When we tackle complex challenges — such as making education more equitable despite limited resources, or making healthcare more accessible to differently abled people — how can we effectively include human stakeholders in the research and development processes?

Student team members presented their work to date at a recent event held by Duke Innovation & Entrepreneurship (I&E), Duke Pediatrics, Bass Connections and the Divinity School.

Open Design Process

The team utilized open design, which involves four phases: understand, create, evaluate and share. Team leader Aria Chernik explained it as an “equity-centered innovation methodology that is derived from design thinking, putting equity at the center in how we create it and who is with us creating it.” Chernik is associate professor of the practice in the Social Science Research Institute.

The projects all had different areas of focus, but all led with the goal of determining “how communities flourish and how people have an equitable opportunity to flourish,” said team leader Kevin Hoch, I&E managing director for education.

Each group asked a “what if” question, designed three creative possible solutions, and presented stakeholders with concept posters and a prototype.

Projects and Ideas

This group focused on healthcare accessibility for people with intellectual and developmental disabilities (IDD) such as autism and Down syndrome. “Physicians and pediatricians need more of a shared understanding with those with IDD,” said junior Hannah Zelinger, adding that other guiding principles included a more positive environment and empowerment of youth with IDD to gain as much independence as possible.

Public policy master’s student Cameron Love joined Zelinger to give a presentation on the group’s main idea: a community open house where youth with IDD can be directed to community services or medical help as needed. This would ensure a more direct way for youth to receive help beyond the complex healthcare system, which can deter patients from receiving proper help today.

Necessity-Driven Entrepreneurship

Sophomores Jun Woo Kang and Wendy Shi presented their group’s work with a nonprofit called Helius to research necessity-driven entrepreneurship. Helius provides training and coaching for small businesses and necessity-driven entrepreneurs. The group focused on strengthening the overall Helius community and increasing connections to funders.

The group’s idea, Portal to Success, is a website that would be a connection portal to allow current cohort members to get in touch with past members.

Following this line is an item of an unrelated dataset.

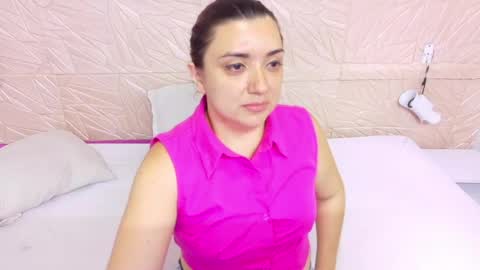 Snapshot of kinkyy_redhead chatting on June 3, 11:46 am kinkyy_redhead online show from June 3, 11:46 am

In addition, consolidated lessons from Helius would be available on the site.

Community-Based Innovation

Presented by junior Kara Wall, this group researched the question, “How might we create a program that fosters relationships and reflects community needs while promoting equitable and holistic education?” They worked with the Oak Grove AME Zion Church, Campbell University and Harnett County Schools to investigate equitable education opportunities.

Solution ideas included an immersive two-week summer literacy program that fostered personal development, a month-long equitable after-school pilot, and a summer-long program fostering students’ well-being through a holistic and equitable literacy and STEM curriculum. The group decided to focus on the summer-long option, which prioritizes life skills and personal development.


This group explored how to use computer science (CS) education to improve human flourishing. Teachers need an easy-to-implement CS curriculum, educators need to ensure equity in the curriculum, and students need a way to connect with the subject material, explained presenters Ritvik Janamsetty, a sophomore, and Krista Pipho, a Ph.D. student in genetics and genomics.

Their solution was standards mapping, which is a way for educators to fulfill CS standards at the same time as standards for English language arts. A prototype website called TeachTechNC maps the standards and allows school administrators to check off which standards the CS curriculum meets.